Claudia Fauzia, Con il mare dentro
La mer
Lucia a dix-sept ans, un monde en plein tumulte en elle et un monde au-delà des murs de sa maison qu’elle veut conquérir. Son cœur, cependant, nage à contre-courant dans une réalité qui parle de fins masculines et la fait trop souvent se sentir sale et déplacée. Son père est le premier, la confrontation avec lui est toujours orageuse.
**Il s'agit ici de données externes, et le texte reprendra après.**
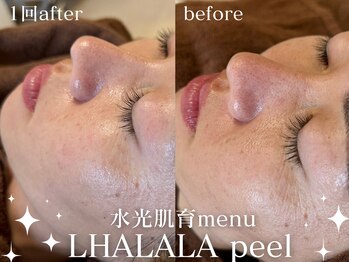 グランクウォーレ(Gran Cuore)/毛穴を引き締めたいなら★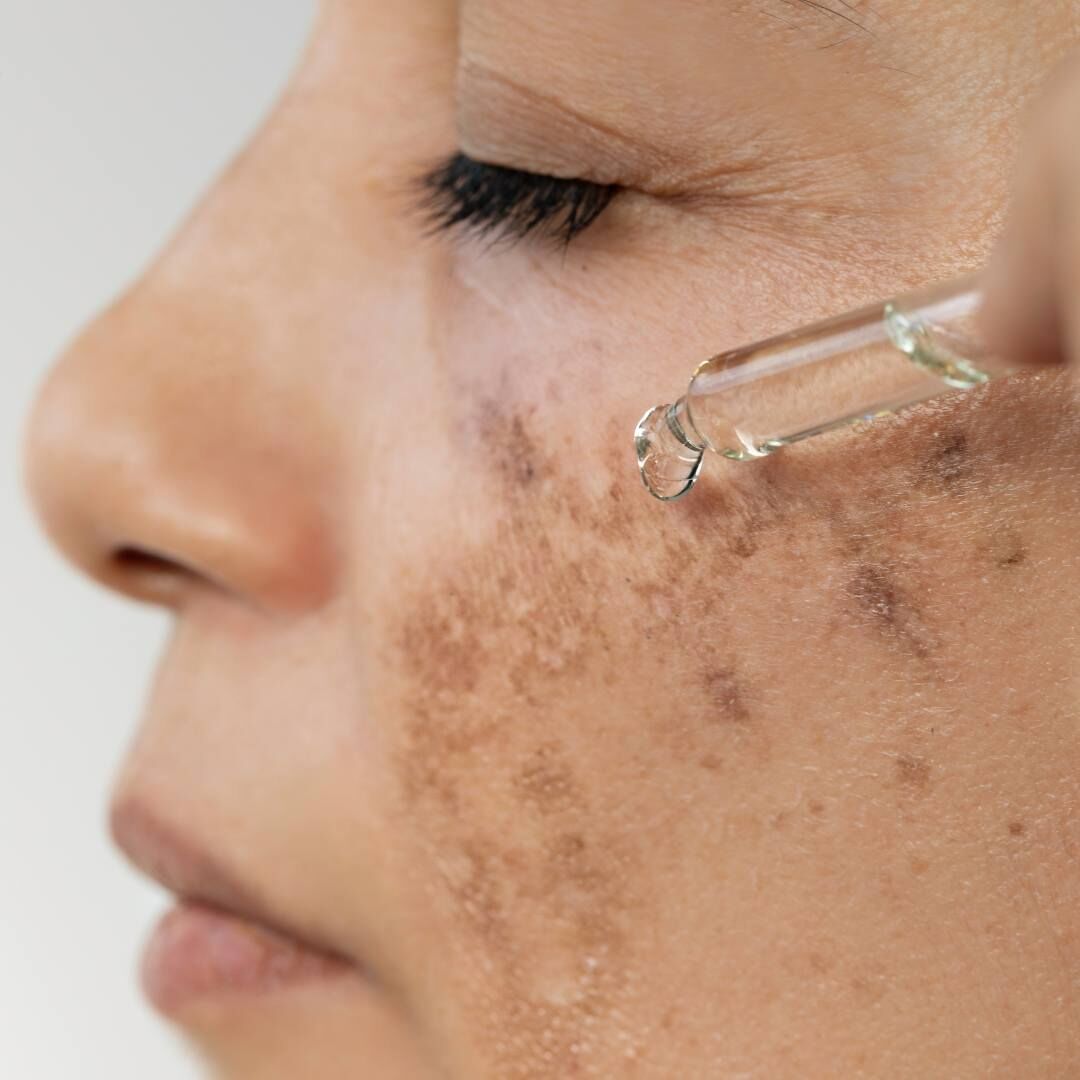 New York, Health, Hyperpigmentation Treatment Tampa For Radiant Skin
La mer elle-même est masculine. Elle a toujours été celle des hommes, de leurs aventures et de leurs conquêtes. Et peut-être que pour cette raison, il n’écoutera pas Lucia, qui veut devenir apnéiste, et essaiera de l’avaler.
Comprendre Lucia n’est pas toujours facile, et même Roberto, qui lui est lié depuis le premier jour de lycée, n’y parvient pas complètement. Même si la mer est son défi et sa vie, Lucia prend du recul. Jusqu’à ce qu’elle trouve quelque chose : un poème qui semble fait pour elle, laissé entre les pages d’un livre.
Retrouver qui a écrit ces mots devient une mission, car l’auteure semble connaître toutes les réponses qu’elle cherche depuis toujours. Pour résoudre ce mystère, Lucia partira pour les îles Éoliennes afin de découvrir des histoires de femmes qui ont défié la mer, tenant fermement le gouvernail de leur vie entre leurs mains. Et de se découvrir, de comprendre comment sortir de ses abîmes personnels et tracer son propre chemin. Et l’auteure ouvre le trajet : « Même le feu vivant doit céder la place à la mer. »
jean-paul gavard-perret
Claudia Fauzia, Con il mare dentro, Editions De Agostini, 2026, 208 p. – 17,00 €.